→ What you need to do
A word-for-word copy of the listing that follows is required.

→ Records for the exercise
* * *

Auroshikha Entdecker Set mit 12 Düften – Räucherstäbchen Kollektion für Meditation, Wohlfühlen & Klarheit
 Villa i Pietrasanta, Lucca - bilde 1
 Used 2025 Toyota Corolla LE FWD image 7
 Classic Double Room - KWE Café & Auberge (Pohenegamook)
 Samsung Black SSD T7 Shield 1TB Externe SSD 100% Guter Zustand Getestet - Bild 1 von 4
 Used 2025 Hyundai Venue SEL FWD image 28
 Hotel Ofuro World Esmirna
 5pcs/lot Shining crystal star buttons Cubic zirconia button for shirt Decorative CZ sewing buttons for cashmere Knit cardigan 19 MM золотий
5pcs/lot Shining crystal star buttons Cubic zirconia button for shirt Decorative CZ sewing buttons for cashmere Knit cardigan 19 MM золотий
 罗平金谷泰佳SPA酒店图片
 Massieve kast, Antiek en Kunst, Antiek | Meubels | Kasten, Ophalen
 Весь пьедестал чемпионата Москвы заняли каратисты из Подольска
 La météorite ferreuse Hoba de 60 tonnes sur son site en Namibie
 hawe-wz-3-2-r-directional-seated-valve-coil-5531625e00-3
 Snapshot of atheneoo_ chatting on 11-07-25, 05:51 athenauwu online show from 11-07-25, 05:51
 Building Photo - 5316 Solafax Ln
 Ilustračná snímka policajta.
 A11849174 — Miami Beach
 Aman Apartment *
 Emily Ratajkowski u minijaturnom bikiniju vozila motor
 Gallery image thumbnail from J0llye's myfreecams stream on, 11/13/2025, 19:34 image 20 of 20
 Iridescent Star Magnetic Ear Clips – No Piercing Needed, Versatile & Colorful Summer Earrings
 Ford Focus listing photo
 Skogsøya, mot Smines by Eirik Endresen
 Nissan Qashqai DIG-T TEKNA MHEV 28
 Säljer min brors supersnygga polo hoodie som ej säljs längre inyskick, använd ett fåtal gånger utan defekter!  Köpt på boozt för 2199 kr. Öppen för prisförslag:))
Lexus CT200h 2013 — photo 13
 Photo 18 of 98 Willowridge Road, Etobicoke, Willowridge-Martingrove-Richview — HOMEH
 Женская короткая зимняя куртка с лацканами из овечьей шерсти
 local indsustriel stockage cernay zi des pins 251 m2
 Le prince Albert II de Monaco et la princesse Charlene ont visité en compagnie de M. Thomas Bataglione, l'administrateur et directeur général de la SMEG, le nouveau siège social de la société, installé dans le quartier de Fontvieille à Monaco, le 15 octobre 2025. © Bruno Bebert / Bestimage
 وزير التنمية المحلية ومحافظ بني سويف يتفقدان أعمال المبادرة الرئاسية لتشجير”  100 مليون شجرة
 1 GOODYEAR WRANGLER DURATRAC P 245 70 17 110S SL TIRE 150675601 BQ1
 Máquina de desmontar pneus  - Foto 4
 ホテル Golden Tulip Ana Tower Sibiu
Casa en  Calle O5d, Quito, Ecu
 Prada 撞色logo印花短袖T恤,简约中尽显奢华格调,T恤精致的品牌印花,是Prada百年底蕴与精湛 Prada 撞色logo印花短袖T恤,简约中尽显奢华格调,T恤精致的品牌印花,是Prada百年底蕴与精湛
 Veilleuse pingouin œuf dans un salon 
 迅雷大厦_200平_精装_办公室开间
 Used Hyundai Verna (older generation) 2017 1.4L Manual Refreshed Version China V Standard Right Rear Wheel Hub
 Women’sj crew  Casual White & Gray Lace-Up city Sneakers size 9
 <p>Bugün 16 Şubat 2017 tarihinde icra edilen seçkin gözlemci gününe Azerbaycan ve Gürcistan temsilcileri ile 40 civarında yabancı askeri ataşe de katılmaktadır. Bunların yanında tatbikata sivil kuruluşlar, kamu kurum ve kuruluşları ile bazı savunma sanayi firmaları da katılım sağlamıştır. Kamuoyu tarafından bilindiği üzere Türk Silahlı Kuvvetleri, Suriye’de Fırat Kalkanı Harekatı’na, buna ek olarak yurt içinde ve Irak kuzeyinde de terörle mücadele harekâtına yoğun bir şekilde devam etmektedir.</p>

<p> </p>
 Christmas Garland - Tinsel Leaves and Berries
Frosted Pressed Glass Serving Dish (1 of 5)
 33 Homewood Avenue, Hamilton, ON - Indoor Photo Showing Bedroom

* * *

→ Answer to the problem
Auroshikha Entdecker Set mit 12 Düften – Räucherstäbchen Kollektion für Meditation, Wohlfühlen & Klarheit
 Villa i Pietrasanta, Lucca - bilde 1
 Used 2025 Toyota Corolla LE FWD image 7
 Classic Double Room - KWE Café & Auberge (Pohenegamook)
 Samsung Black SSD T7 Shield 1TB Externe SSD 100% Guter Zustand Getestet - Bild 1 von 4
 Used 2025 Hyundai Venue SEL FWD image 28
 Hotel Ofuro World Esmirna
 5pcs/lot Shining crystal star buttons Cubic zirconia button for shirt Decorative CZ sewing buttons for cashmere Knit cardigan 19 MM золотий
5pcs/lot Shining crystal star buttons Cubic zirconia button for shirt Decorative CZ sewing buttons for cashmere Knit cardigan 19 MM золотий
 罗平金谷泰佳SPA酒店图片
 Massieve kast, Antiek en Kunst, Antiek | Meubels | Kasten, Ophalen
 Весь пьедестал чемпионата Москвы заняли каратисты из Подольска
 La météorite ferreuse Hoba de 60 tonnes sur son site en Namibie
 hawe-wz-3-2-r-directional-seated-valve-coil-5531625e00-3
 Snapshot of atheneoo_ chatting on 11-07-25, 05:51 athenauwu online show from 11-07-25, 05:51
 Building Photo - 5316 Solafax Ln
 Ilustračná snímka policajta.
 A11849174 — Miami Beach
 Aman Apartment *
 Emily Ratajkowski u minijaturnom bikiniju vozila motor
 Gallery image thumbnail from J0llye's myfreecams stream on, 11/13/2025, 19:34 image 20 of 20
 Iridescent Star Magnetic Ear Clips – No Piercing Needed, Versatile & Colorful Summer Earrings
 Ford Focus listing photo
 Skogsøya, mot Smines by Eirik Endresen
 Nissan Qashqai DIG-T TEKNA MHEV 28
 Säljer min brors supersnygga polo hoodie som ej säljs längre inyskick, använd ett fåtal gånger utan defekter!  Köpt på boozt för 2199 kr. Öppen för prisförslag:))
Lexus CT200h 2013 — photo 13
 Photo 18 of 98 Willowridge Road, Etobicoke, Willowridge-Martingrove-Richview — HOMEH
 Женская короткая зимняя куртка с лацканами из овечьей шерсти
 local indsustriel stockage cernay zi des pins 251 m2
 Le prince Albert II de Monaco et la princesse Charlene ont visité en compagnie de M. Thomas Bataglione, l'administrateur et directeur général de la SMEG, le nouveau siège social de la société, installé dans le quartier de Fontvieille à Monaco, le 15 octobre 2025. © Bruno Bebert / Bestimage
 وزير التنمية المحلية ومحافظ بني سويف يتفقدان أعمال المبادرة الرئاسية لتشجير”  100 مليون شجرة
 1 GOODYEAR WRANGLER DURATRAC P 245 70 17 110S SL TIRE 150675601 BQ1
 Máquina de desmontar pneus  - Foto 4
 ホテル Golden Tulip Ana Tower Sibiu
Casa en  Calle O5d, Quito, Ecu
 Prada 撞色logo印花短袖T恤,简约中尽显奢华格调,T恤精致的品牌印花,是Prada百年底蕴与精湛 Prada 撞色logo印花短袖T恤,简约中尽显奢华格调,T恤精致的品牌印花,是Prada百年底蕴与精湛
 Veilleuse pingouin œuf dans un salon 
 迅雷大厦_200平_精装_办公室开间
 Used Hyundai Verna (older generation) 2017 1.4L Manual Refreshed Version China V Standard Right Rear Wheel Hub
 Women’sj crew  Casual White & Gray Lace-Up city Sneakers size 9
 <p>Bugün 16 Şubat 2017 tarihinde icra edilen seçkin gözlemci gününe Azerbaycan ve Gürcistan temsilcileri ile 40 civarında yabancı askeri ataşe de katılmaktadır. Bunların yanında tatbikata sivil kuruluşlar, kamu kurum ve kuruluşları ile bazı savunma sanayi firmaları da katılım sağlamıştır. Kamuoyu tarafından bilindiği üzere Türk Silahlı Kuvvetleri, Suriye’de Fırat Kalkanı Harekatı’na, buna ek olarak yurt içinde ve Irak kuzeyinde de terörle mücadele harekâtına yoğun bir şekilde devam etmektedir.</p>

<p> </p>
 Christmas Garland - Tinsel Leaves and Berries
Frosted Pressed Glass Serving Dish (1 of 5)
 33 Homewood Avenue, Hamilton, ON - Indoor Photo Showing Bedroom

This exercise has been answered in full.